The first step of writing a new book doesn’t actually involve writing for me. Before I open my laptop or write a single word, I start with sketches. I sketch out the setting, characters and outline key plot points. It always feels a bit like returning to my elementary school art classroom. As I’m sure you’ve heard me say more than once, words are my medium. I appreciate other forms of art, but my version of drawing is creating stick figures. I’m often critical of my inner artist because I don’t feel like I’m talented or skilled when it comes to painting, drawing, or any kind of 3-D design. However, a strange thing happens when I’m working on a new book—my inner art critic vanishes.
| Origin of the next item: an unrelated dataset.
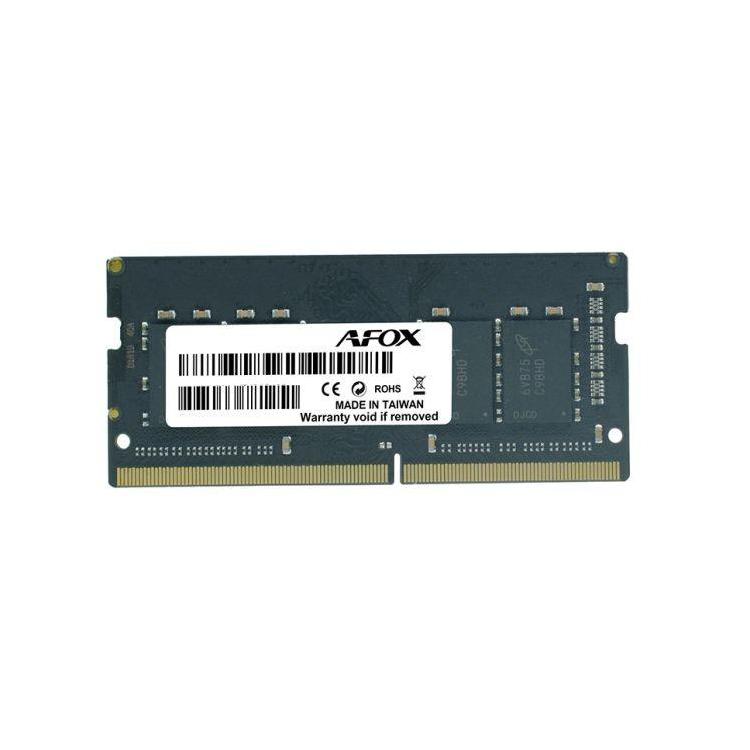 pamiÄÄ notebook - SO-DIMM DDR4 16GB 3200MHz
The sketching process helps me build imaginary worlds and form connections with the characters who are going to embody them. For this new project, I broke out colored pencils and dabbled in watercolor. I cut pictures from magazines for collages. I strung fairy lights from my office ceiling, lit ocean-scented candles, and sampled tastes of fresh tangerines.
Never once did that nagging critical voice appear. Perhaps that’s because I don’t care about the outcome when working on a sketch for a new idea. I know that no one else is ever going to see my kindergarten-level creations. They are just for me. There’s something freeing in that. It reminds me of this quote by Georgia O’Keeffe: “Whether you succeed or not is irrelevant, there is no such thing. Making your unknown known is the important thing.”
That’s what my messy sketches do for me. They take a seed of an idea and plant them on construction paper. Somewhere along the way, the story begins to take shape, and my unknown becomes known. Without a doubt, my inner critic will make a cameo appearance (or twenty) once I start the routine of daily writing and fleshing the story out chapter by chapter. But for this project and hopefully future books, I’m choosing to embrace my amateur artist and breathe into the gift of creativity in all of its imperfect forms.